31. Başvurucu tarafından ileri sürülen iddialar, mahkemelerce
delillerin değerlendirilmesi ve hukuk kurallarının yorumlanmasına ilişkin olup
mahkeme kararlarında bariz takdir hatası veya açık bir keyfîlik
oluşturan bir hususun da bulunmadığı dikkate alındığında ihlal iddialarının
kanun yolu şikâyeti niteliğinde olduğu anlaşılmaktadır.
32. Açıklanan nedenlerle başvurunun diğer kabul edilebilirlik
koşulları yönünden incelenmeksizin açıkça
dayanaktan yoksun olması nedeniyle kabul edilemez olduğuna karar
verilmesi gerekir.
D. 6216 Sayılı Kanun'un
50. Maddesi Yönünden
33. 30/3/2011 tarihli ve 6216 sayılı Anayasa Mahkemesinin
Kuruluşu ve Yargılama Usulleri Hakkında Kanun’un 50. maddesinin (1) ve (2)
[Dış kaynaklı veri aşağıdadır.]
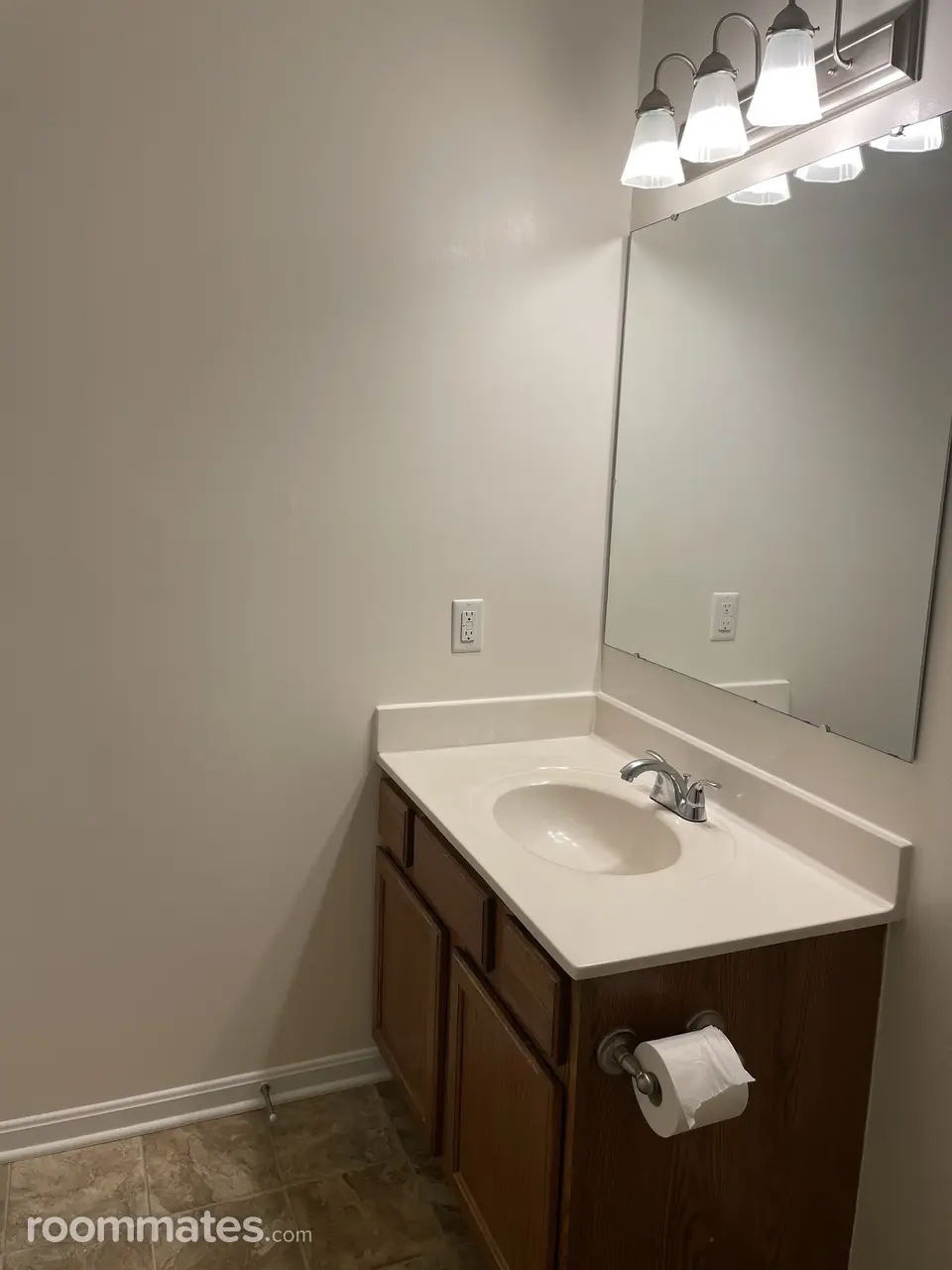 Profile photo 5 of 7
numaralı fıkraları şöyledir:
“(1) Esas inceleme sonunda, başvurucunun
hakkının ihlal edildiğine ya da edilmediğine karar verilir. İhlal kararı
verilmesi hâlinde ihlalin ve sonuçlarının ortadan kaldırılması için yapılması
gerekenlere hükmedilir…
(2) Tespit edilen ihlal bir mahkeme kararından
kaynaklanmışsa, ihlali ve sonuçlarını ortadan kaldırmak için yeniden yargılama
yapmak üzere dosya ilgili mahkemeye gönderilir. Yeniden yargılama yapılmasında
hukuki yarar bulunmayan hâllerde başvurucu lehine tazminata hükmedilebilir veya
genel mahkemelerde dava açılması yolu gösterilebilir. Yeniden yargılama
yapmakla yükümlü mahkeme, Anayasa Mahkemesinin ihlal kararında açıkladığı
ihlali ve sonuçlarını ortadan kaldıracak şekilde mümkünse dosya üzerinden karar
verir.”
34. Başvurucu, hak ihlaline dayalı tazminat verilmesi hususunun
idarece yerine getirilmesine karar verilmesini talep etmiştir.
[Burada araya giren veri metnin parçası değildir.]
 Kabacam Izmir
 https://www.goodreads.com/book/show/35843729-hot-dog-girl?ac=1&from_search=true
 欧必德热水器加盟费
35. Başvuruda, makul sürede yargılanma hakkının ihlal edildiği
sonucuna varılmıştır.
36. Başvurucu, Anayasa Mahkemesinden tazminat talebinde
bulunmadığından lehine tazminata hükmedilmesi mümkün değildir.
37. Dosyadaki belgelerden tespit edilen 206,10 TL harç ve 1.800
TL vekâlet ücretinden oluşan toplam 2.006,10 TL yargılama giderinin başvurucuya
ödenmesine karar verilmesi gerekir.
V. HÜKÜM
Açıklanan gerekçelerle;
A. 1. Kişi hürriyeti ve güvenliği hakkının ihlal edildiğine
ilişkin iddianın süre aşımı
nedeniyle KABUL EDİLEMEZ OLDUĞUNA,
2. Makul sürede yargılanma hakkının ihlal edildiğine ilişkin iddianın
KABUL EDİLEBİLİR OLDUĞUNA,
3. Diğer ihlal iddialarının açıkça
dayanaktan yoksun olması nedeniyle KABUL EDİLEMEZ OLDUĞUNA,
B. Anayasa’nın 36. maddesinde güvence altına alınan makul sürede
yargılanma hakkının İHLAL EDİLDİĞİNE,
C. 206,10 TL harç ve 1.800 TL vekâlet ücretinden oluşan toplam
2.006,10 TL yargılama giderinin BAŞVURUCUYA ÖDENMESİNE,
D. Ödemenin, kararın tebliğini takiben başvurucunun Maliye
Bakanlığına başvuru tarihinden itibaren dört ay içinde yapılmasına, ödemede
gecikme olması hâlinde bu sürenin sona erdiği tarihten ödeme tarihine kadar
geçen süre için yasal FAİZ UYGULANMASINA,
E. Kararın bir örneğinin Adalet Bakanlığına GÖNDERİLMESİNE
5/12/2017 tarihinde OYBİRLİĞİYLE karar verildi.